Ты верен не потому, что нечто, чему ты верен, хорошо, а ты хорош потому, что верен. Если ты верен, ты хорош, если ты неверен, ты негодяй.
Ничего более полезного для хозяина нельзя было выдумать. Хозяин мог предпринимать любые нелепости, готовить любые подлости, применять любое коварство, ложь, обман — его подчиненные считали, что их первый и священный долг перед совестью — выполнить его требование. Убить сына, зарезать сестру, снять голову брату, украсть, надуть — все можно и даже необходимо, если такова воля хозяина.
Верность хозяину стала самодовлеющей идеей. Она была сделана моралью.
И с точки зрения пользы для господствующего класса это было поистине гениальное изобретение!
А потом уж умелые люди пошли на него накручивать всякие извороты, красоты и легендарные анекдоты. Пошли писать поэмы и ставить пьесы, рисовать картины, воздвигать памятники… Специалисты!..
Семь веков торжествовал феодализм в Японии, и «рыцарский кодекс» Бусидо развевался над ним, как знамя.
Значит, ничего, кроме военности, не было в культуре этой страны в течение семи столетий?
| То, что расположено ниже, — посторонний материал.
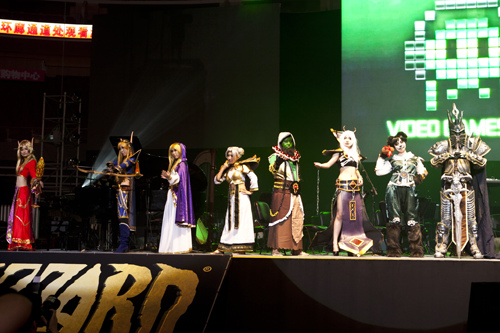 ad4c93002d846f76.jpg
В том-то и дело, что не значит! Вопреки этой военности, а часто даже и внутри нее рождались и развивались совсем противоположные ей явления.
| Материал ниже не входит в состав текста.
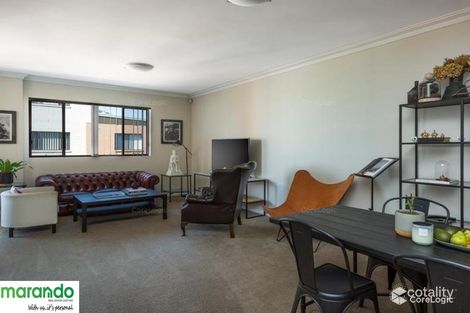 Property photo of 104/80-82 Tasman Parade Fairfield West NSW 2165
Об этом мне и предстояло узнать, это и предстояло увидеть собственными глазами там, в Японии, от которой меня отделяли уже немногие часы в поезде и не очень много моря.
ПОЧТИ НА КРАЮ
Как и предрекал печальный проводник, поворот совершился. Исчез ледок в умывальной, не было больше инея на заклепках. Мы катились на юг почти точно по меридиану — прямо в крымский климат.
Всем надоело ехать. Все скучали, и томились, и молчали, даже за обеденным столом. Только Симонов писал стихи взахлеб. Он приходил ко мне читать новинки.
Моим мнением он интересовался мало. Судя по всему, он считал меня человеком отживших вкусов, близких символизму, акмеизму, в крайнем случае — конструктивизму. По совести говоря, я не был этим особенно озабочен. Сам я стихов уже давно не писал, решив, что на это имеют право только подлинно одаренные люди, а прудить стихотворные болота — просто свинство по отношению к читающим людям. Лично у меня был и остался мой мир поэзии, который мне дорог, как часть моей Вселенной. Я не только не умею, но не хочу отворачиваться от музыки стихов, от их индивидуальности, от их необъяснимости, произвола, даже неясности… Поэтому, когда начинается рифмованная публицистика или тексты для романсов, меня корежит, и Симонов не мог этого не видеть.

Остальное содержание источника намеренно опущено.